No entanto, com o avanço da ciência e da tecnologia ao longo do século XX, desenvolveram-se técnicas e equipamentos que possibilitam, dentro dos diversos processos de fabricação industrial, um melhor aproveitamento dos insumos e matérias primas, reduzindo com isso as perdas do processo produtivo. Uma completa eliminação das “perdas” durante o processo, no entanto, é tecnicamente inviável, ocorrendo sempre uma “sobra” de processo; seja na forma gasosa, líquida ou sólida. 

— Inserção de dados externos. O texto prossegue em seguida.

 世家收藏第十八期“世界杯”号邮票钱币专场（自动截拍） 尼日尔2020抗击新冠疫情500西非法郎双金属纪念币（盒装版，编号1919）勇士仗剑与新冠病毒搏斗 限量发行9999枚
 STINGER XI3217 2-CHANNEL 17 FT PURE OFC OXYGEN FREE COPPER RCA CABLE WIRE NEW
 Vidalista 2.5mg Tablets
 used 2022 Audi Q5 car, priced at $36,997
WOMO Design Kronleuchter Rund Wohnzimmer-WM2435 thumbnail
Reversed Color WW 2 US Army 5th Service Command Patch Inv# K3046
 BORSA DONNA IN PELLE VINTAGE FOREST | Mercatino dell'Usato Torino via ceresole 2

Estas “sobras” de processo industrial sempre foram um problema. Reuso, reciclagem e correta disposição final destes resíduos são técnicas que tardiamente começaram a ser desenvolvidas e utilizadas a partir dos anos 1960 e 1970. Antes desse período eram poucas as práticas e as leis referentes às emissões, o que acabou ocasionando vários acidentes ambientais, com contaminações de solos, águas e da atmosfera (veja exemplos em <https://agenciabrasil.ebc.com.br/radioagencia-nacional/acervo/educacao/audio/2017-12/historia-hoje-ha-65-anos-londres-era-tomada-pelo-nevoeiro-de-fumaca-que-matou/> e <https://acervo.oglobo.globo.com/fatos-historicos/desastre-de-minamata-crime-ecologico-que-deixou-marcas-por-decadas-no-japao-10102255>) 

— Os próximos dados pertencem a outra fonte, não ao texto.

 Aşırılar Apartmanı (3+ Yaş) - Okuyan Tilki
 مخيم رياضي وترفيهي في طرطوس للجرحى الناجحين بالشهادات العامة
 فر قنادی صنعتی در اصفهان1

Movimentos da sociedade civil, partidos políticos, cientistas, intelectuais e empresários conscientes de países industrializados, começaram a pressionar governos e parlamentos para que fossem votadas e aprovadas leis ambientais regulando estas questões. Assim, havendo leis que impunham a adoção de certas medidas quanto aos dejetos industriais e urbanos, as empresas e prefeituras viram-se forçadas a atenderem a lei, sob pena de serem fechadas ou multadas. Esta situação provocou uma procura por tecnologias que atendessem a estas demandas. Institutos de pesquisa, universidades e empresas desenvolveram equipamentos e processos para eliminar, reduzir, reutilizar, reciclar e dar uma destinação final correta a todos tipo de resíduo de processo industrial e aos resíduos domésticos. A variedade de tecnologias continua crescendo, já que é constante a pressão para que poluidores acabem com a poluição e recuperem os danos causados ao meio ambiente. 

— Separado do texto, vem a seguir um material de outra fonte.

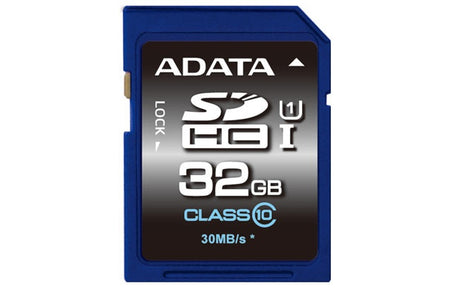 Memoria Adata Sd Hc 32Gb Asdh32Guicl10-R Uhs-I Clase 10- Solo Sd FullOffice.com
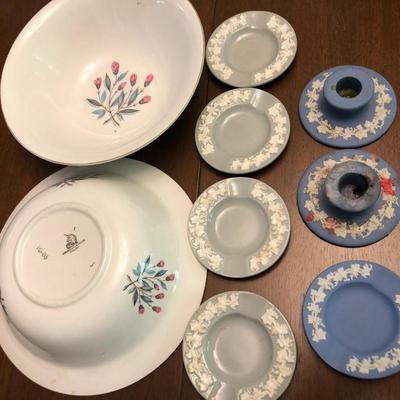 Vintage Wedgewood Lot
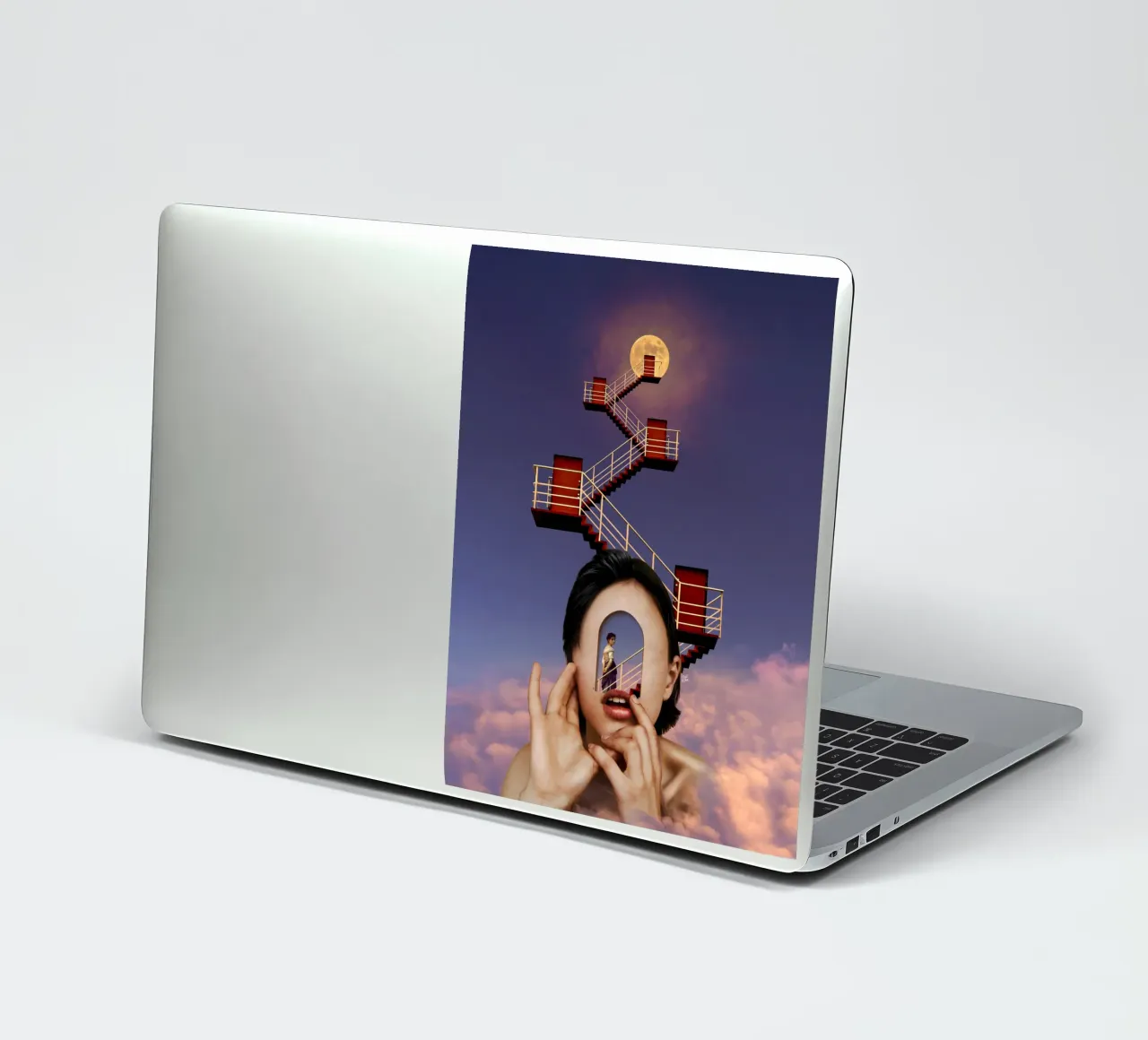 ESCAPE sticker by Paste in Place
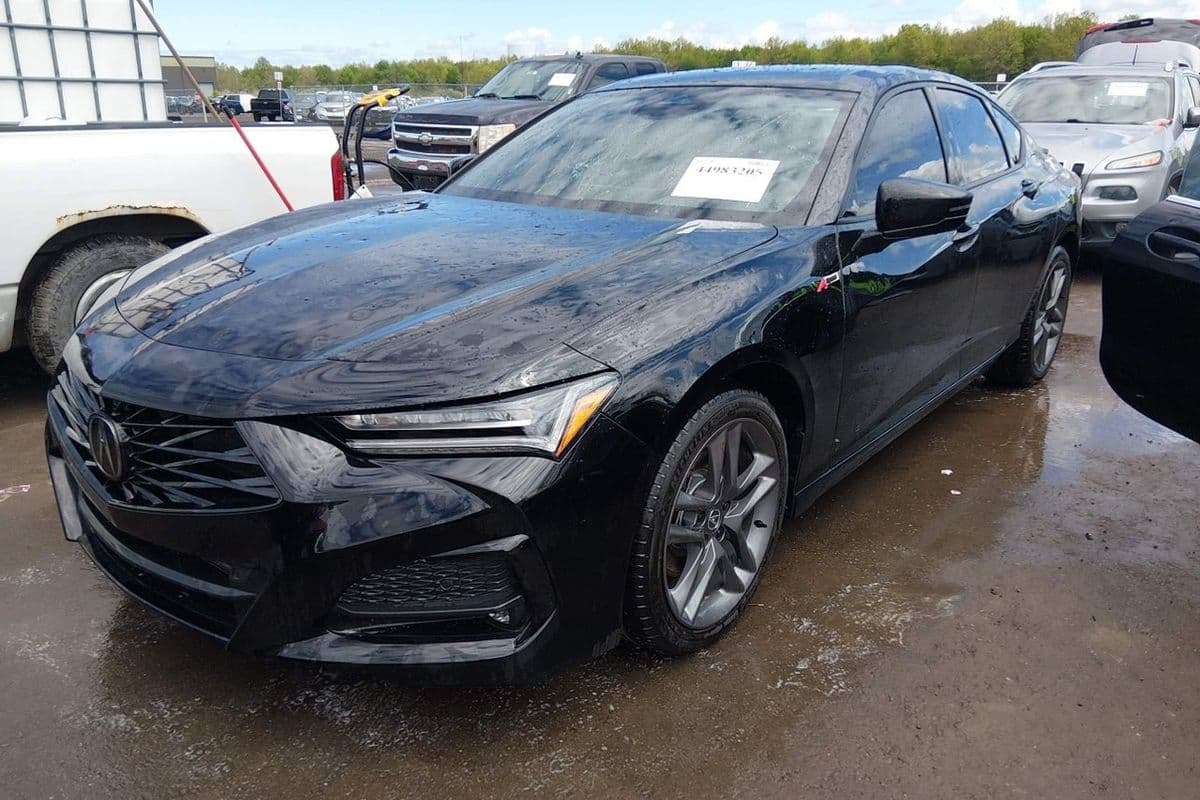 Acura Tlx 2025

É o princípio conhecido como “poluidor pagador”, ou seja: aquele que poluir o meio ambiente terá que arcar com os custos para recuperá-lo. Por exemplo: uma empresa não pode tirar água de um rio, utilizá-la para produzir determinado produto, mas devolver a água ao rio na forma de esgoto. Terá que retornar a água ao rio com a mesma pureza que retirou, e pagará pelo uso que fez dela. Por princípio, a água do rio pertence a todos e sua exploração (e eventual poluição) não pode ser privatizada. A mesma coisa se aplica àqueles que destroem uma mata de restinga para criar um loteamento, ou que desviam um rio para irrigar somente a sua própria terra; os que poluem o ar ou espalham resíduos pelas ruas da cidade. Todos precisam “desfazer” o estrago que fizeram. O comportamento destas pessoas é imoral, criminoso. Se apoderam de um bem que pertence a todos, auferindo benefícios só para si – ou para seus acionistas, seus diretores, seu sócio, seja quem for. Se uma autoridade pública, que tem a obrigação de zelar pelo bem público (afinal, foi votada para isso), for conivente com a atitude do poluidor, também está deixando de cumprir a lei. Ou seja, está permitindo que alguns tirem proveito da maioria. Socializar os custos e privatizar os benefícios; é desta maneira que muitos ainda encaram a questão ambiental. 

No Brasil os órgãos ambientais municipais, estaduais e federais precisarão retomar suas práticas de controle, que nos últimos anos diminuíram consideravelmente. Corte de recursos, remanejamento e dispensa de pessoal e, principalmente, uma ideologia de oposição às causas ambientais, atrasaram o avanço deste tema no país inteiro. 

As tecnologias para combate e diminuição da poluição estão amplamente disponíveis no mercado. O poluidor não pode alegar que, em exercendo sua atividade, não tenha recursos para reduzir ou acabar com a poluição que gera. Esta é uma atitude ilegal e imoral. Para combater tal tipo de atitude o cidadão pode exercer seu direito político de protestar e exigir providências das autoridades responsáveis. A questão ambiental não é só técnica ou econômica, mas primeiramente ética e política.